La donna lo guarda un attimo e sorride.
  Umberto esce dalla Fiat Cinquecento e il cuore pulsa forte, accarezza un’ultima volta Rachele che si è messa al posto di guida. Cammina piano. Davanti a lui la banca si erge alta e minacciosa. Supera l’entrata, la doppia porta senza problemi, la guardia gli sorride, lui ricambia. Il vecchio tiene ben stretta la pistola in tasca. Un’ultima immagine del mare e il cuore in gola. L’adrenalina scorre veloce e gli occhi  si  stringono. È il momento. I pensieri si annullano, il tempo rallenta. Umberto  estrae  l’arma   di   scatto, «FERMI TUTTI, QUESTA E’ UNA RAPINA!», urla, come in un vecchio film anni cinquanta.
  La gente lo guarda perplessa, quasi divertita, come se non lo prendessero sul serio. Ed effettivamente la scena potrebbe ai più sembrare comica. Umberto punta la pistola contro una cassiera dai capelli rossi. In un secondo la donna vede scorrere tutta la sua vita davanti: la banca, il lavoro, il suo cane, l’uomo che non ha mai avuto, la monotonia della giornate, il caffè preso tutte le mattine, la solitudine, la casa troppo vuota. In un attimo la cassiera dai capelli rossi decide di licenziarsi e di iniziare una nuova vita, ha sempre adorato disegnare.
  «Tu!», urla il vecchio indicando un'altra cassiera, «I soldi! Prendi i soldi!»
  «Ma…»
  «Fallo!»
La donna, con mani tremanti, raccoglie il denaro depositato.
  «Mettilo in una busta, presto».
La cassiera segue alla lettera i consigli del rapinatore, una lacrima veloce le graffia il viso. «T… tenga…», singhiozza.

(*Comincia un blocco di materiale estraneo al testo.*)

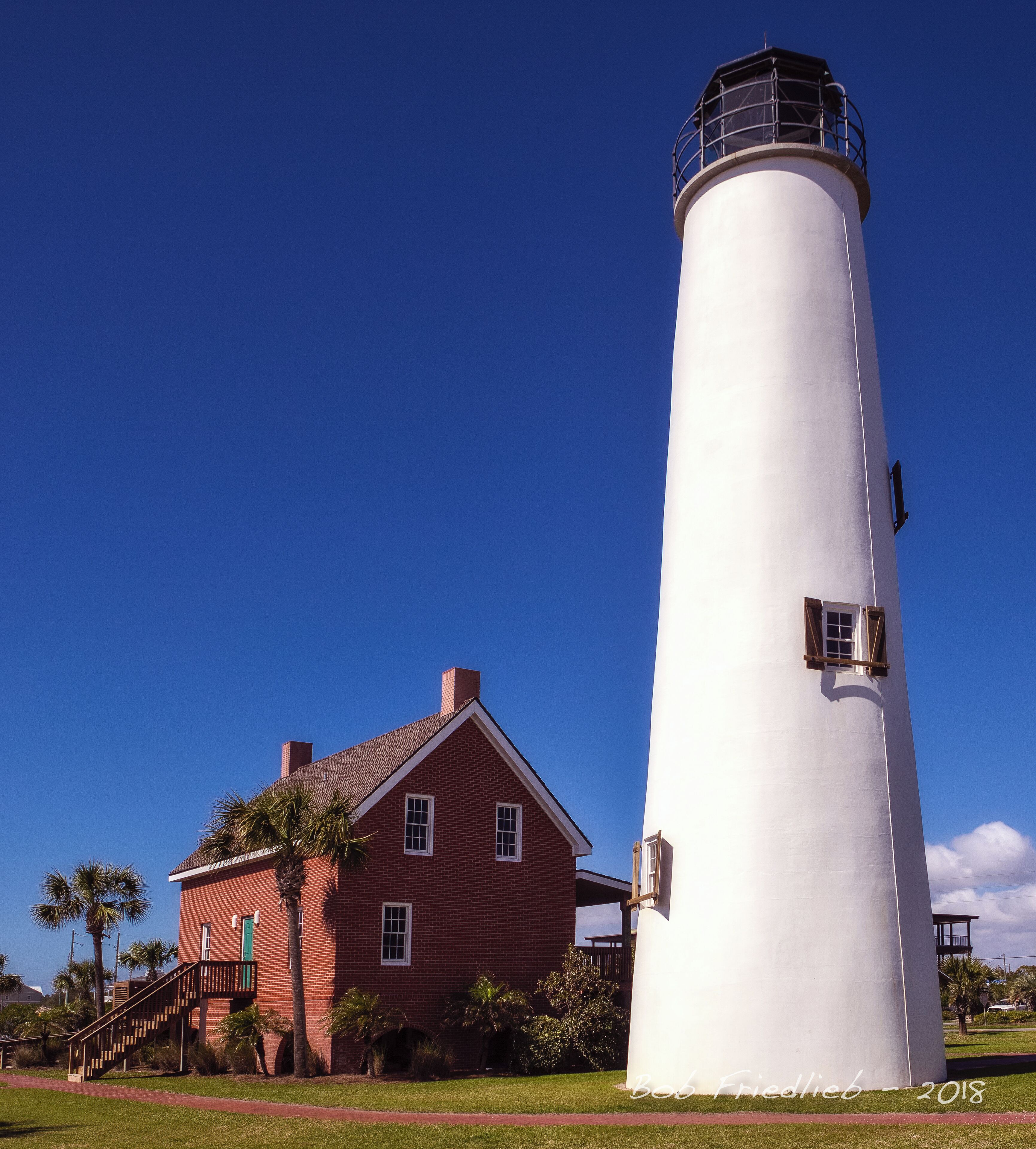 Saint George Island Lighthouse on the shores of the Gulf of Mexico.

Umberto afferra veloce la busta, guarda la guardia grassoccia. Gli punta la pistola contro sorridendo, poi spara un colpo in aria e un po’ d’intonaco cade a terra. Una vecchia sviene, la gente urla.
  Il rapinatore esce di corsa dalla banca, voltandosi solo un secondo.
Corre stanco.
  Raggiunge la vecchia Cinquecento gialla. «Parti, presto!», grida a Rachele.
Lei mette la prima e la macchina si accende tossendo.

  Da un articolo apparso il ventisei maggio su “Metro”: “Un arzillo vecchietto, ieri, poco prima di mezzogiorno, è entrato in una filiale della banca, e, armato di una pistola di plastica, si è fatto consegnare da una cassiera tutto il denaro depositato, circa ottantamila euro. Dopo la rapina è riuscito a scappare, a bordo di una vecchia Fiat Cinquecento

  Umberto e Rachele (mi ha raccontato il babbo) vivono felici in un isoletta sperduta nell’Oceano Pacifico, stanno cercando di aprire un bar dove cucinare ottimi piatti di pasta all’italiana. Di notte restano svegli aspettando l’alba. Si baciano come quando avevano vent’anni.